The judicial career of alumnus Robert L. Wilkins may become more influential after being nominated by President Barack Obama to fill an opening on the federal appeals court bench in Washington, D.C. The 1986 chemical engineering graduate has been a federal judge in the nation's capital for the past two years.
Obama praised Wilkins as a "principled attorney of the utmost integrity," according to media reports.
The federal appeals court has nationwide and even international impact, since many cases relate to the balance of power in Washington, D.C., and review of actions by federal agencies that affect health, safety, and the environment. The D.C. circuit also is grooming grounds for the Supreme Court, with four current justices having served on it.
Wilkins was sworn in as federal district judge in March, 2011, after being confirmed by the U.S. Senate from Obama's nomination. He is one of 12 full-time federal judges serving in the district.
The 1989 Harvard Law School graduate is a former special litigation chief at the District of Columbia Public Defender Service, and a trial and appellate lawyer for the Venable LLP law firm, representing clients in bribery cases, grand jury subpoena investigations and patent infringement suits. He is a founding member of the D.C. Access to Justice Commission, served on the D.C. Advisory Commission on Sentencing, the D.C. Truth-In-Sentencing Commission and the D.C. Juvenile Justice Advisory Group. He specialized in corporate defense/white collar, technology and commercial litigation practice groups.

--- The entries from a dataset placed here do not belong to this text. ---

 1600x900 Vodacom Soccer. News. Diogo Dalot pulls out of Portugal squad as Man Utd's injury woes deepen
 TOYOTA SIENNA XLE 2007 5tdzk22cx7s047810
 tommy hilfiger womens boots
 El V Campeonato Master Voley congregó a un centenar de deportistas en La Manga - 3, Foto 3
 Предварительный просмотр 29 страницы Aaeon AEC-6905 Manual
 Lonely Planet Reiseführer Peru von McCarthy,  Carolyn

The Legal Times called Wilkins "the office's premier advocate for defendants' rights" and later named him one of the 90 Greatest Washington Lawyers of the Last 30 Years.
A founding member of the D.C. Access to Justice Commission, Wilkins served on the D.C. Advisory Commission on Sentencing, the D.C. Truth-In-Sentencing Commission and the D.C. Juvenile Justice Advisory Group. He joined Venable in 2002 and has represented clients in bribery cases, grand jury subpoena investigations and patent infringement suits.

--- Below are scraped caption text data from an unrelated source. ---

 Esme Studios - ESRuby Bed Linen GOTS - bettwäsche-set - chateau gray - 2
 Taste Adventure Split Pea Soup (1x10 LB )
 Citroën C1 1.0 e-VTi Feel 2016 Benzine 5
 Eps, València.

Wilkins’ career has also featured him serving as president of the National African American Museum & Cultural Complex, helping to plan and create the National Museum of African American History and Culture within the Smithsonian Institution. He formed a non-profit corporation that helped establish a Presidential Commission to plan the museum, and then chaired its site and building committee. The museum is set to open in 2014.
At Rose-Hulman, Wilkins received the Herman A. Moench Distinguished Senior Commendation during the 1986 commencement. He also received the Rose-Hulman Alumni Association's Honor Alumnus Award in 2005 for his service to his alma mater and professional achievement.